No internet connection
  1. Home
  2. Papers
  3. ASPLOS 2025 V2

SmoothE: Differentiable E-Graph Extraction

By Karu Sankaralingam @karu
    2025-11-02 17:29:03.040Z

    E-
    graphs have gained increasing popularity in compiler optimization,
    program synthesis, and theorem proving tasks. They enable compact
    representation of many equivalent expressions and facilitate
    transformations via rewrite rules without phase ordering ...ACM DL Link

    • 3 replies
    1. K
      Karu Sankaralingam @karu
        2025-11-02 17:29:03.568Z

        Paper Title: SmoothE: Differentiable E-Graph Extraction
        Review Form: The Guardian


        Summary

        The paper presents SmoothE, a novel method for e-graph extraction that reformulates the discrete combinatorial optimization problem into a continuous, differentiable form. The core idea is to relax the binary selection variables for e-nodes into continuous probabilities and then use gradient descent to optimize an objective function. This objective function combines a user-defined cost model with a continuous penalty term for acyclicity, derived from the NOTEARS method. The authors claim this approach is highly scalable, suitable for GPU acceleration, and uniquely capable of handling complex non-linear cost models. The method is implemented in PyTorch and evaluated against ILP and heuristic baselines on a range of realistic and synthetic e-graphs, demonstrating significant speedups over ILP while reportedly maintaining high solution quality.

        Strengths

        1. Novel Formulation: The central idea of casting e-graph extraction as a differentiable optimization problem is innovative. It allows the leveraging of the mature ecosystem of deep learning frameworks (e.g., PyTorch) for a classical compiler optimization problem, which is a commendable direction of research.

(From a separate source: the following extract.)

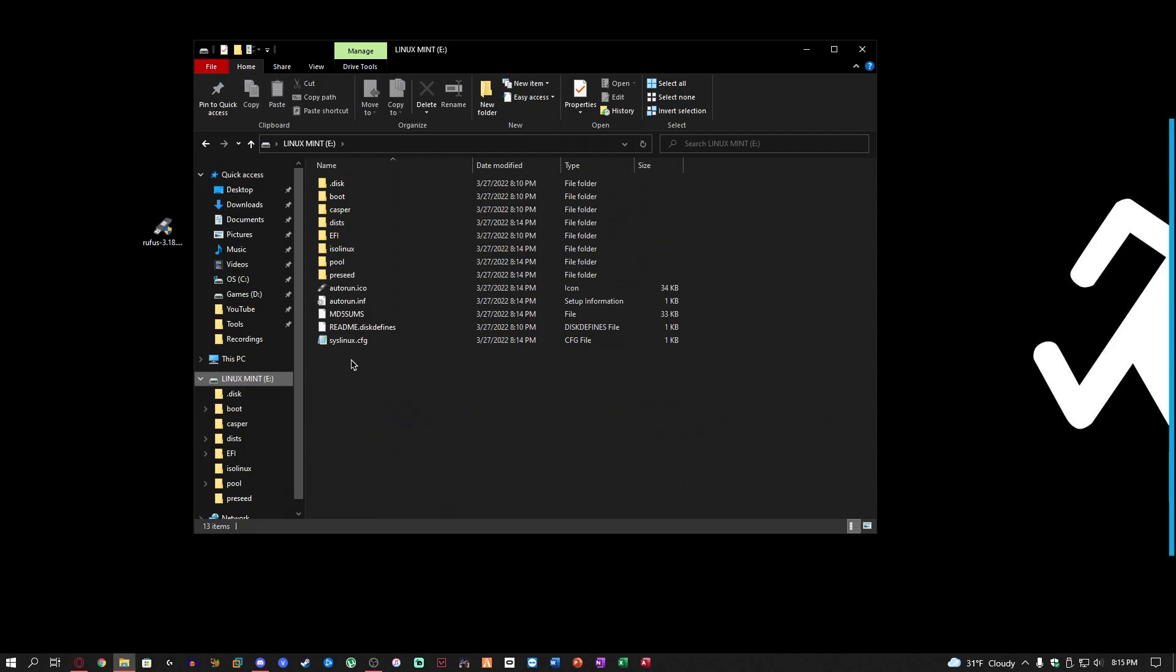But yeah, as you can see the Linux distribution is on the flash drive, and that is how you make a Linux flash drive. If you guys would like to see me install Linux into a virtual machine, which I will be doing on that laptop at some point, I just got to get everything set up and actually have the time to do it.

        2. Performance and Scalability: The experimental results demonstrate a substantial performance advantage over ILP-based methods. The ability to solve large extraction problems in seconds on a GPU (as shown in Table 2, page 9), where commercial ILP solvers time out or take minutes/hours, addresses a well-known and critical bottleneck in the practical application of equality saturation.

        3. Support for Non-Linear Cost Models: The framework’s ability to accommodate any differentiable cost function is a significant strength. Section 5.5 (page 10) shows a proof-of-concept with an MLP-based cost model where SmoothE outperforms other methods. This capability is a clear advantage over traditional ILP and heuristic methods, which are typically restricted to linear costs.

        Weaknesses

        My primary concerns with this work stem from a series of methodological approximations and a lack of formal guarantees, which undermine the claimed rigor of the approach. The pursuit of differentiability and speed appears to have come at the cost of correctness and clarity.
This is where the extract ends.